People in Auckland, Wellington and even Christchurch all reported feeling the quake.

"She was a beauty, it really shook. I'm quite frightened, I've got no idea if there's going to be a tsunami, it was massive," Rex from Gisborne told Newstalk ZB's Bruce Russell. "It's the biggest I've felt in a long, long time and I'm 80."

In tears on Newstalk ZB, Helen in the Chatham Islands said: "It's the biggest one I've ever felt. It went on and on and on. I'm in the old stone house and I didn't know where to stand because it's all rock. I've never felt one so big - it must be massive across New Zealand. It died down and then went on and on again."

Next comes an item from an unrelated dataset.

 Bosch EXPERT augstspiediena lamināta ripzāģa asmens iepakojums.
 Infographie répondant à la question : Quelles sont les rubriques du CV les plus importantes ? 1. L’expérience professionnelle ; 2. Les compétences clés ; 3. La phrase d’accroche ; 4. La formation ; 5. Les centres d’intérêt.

Janice in Napier told the station: "I'm still shaking. I was lying in bed ... and the next minute, the quake comes in and it lasted for ages. The biggest one I've felt. This was one jolt and it kept going. I eventually got up and sat under the doorway, oh my God."

Harry in New Plymouth told Newstalk ZB: "That was a bit of a doozy. I felt it as clear as if it was happening underneath. It woke me up... I have the map in front of me, she certainly was a jolt. To be that far away and it still got to us. If you are near the water folks, get away."

Gisborne Mayor Rehette Stoltz said it was a big shake. "Everyone was awake, our Civil Defence teams got into action immediately to make sure everyone was safe and sound."

She said she's incredibly proud of the locals who acted fast. "Gisborne people, Tairāwhiti people, when there's an earthquake and it is long or strong, they self-evacuate. Because you cannot wait for locally-created earthquakes, you need to self-evacuate."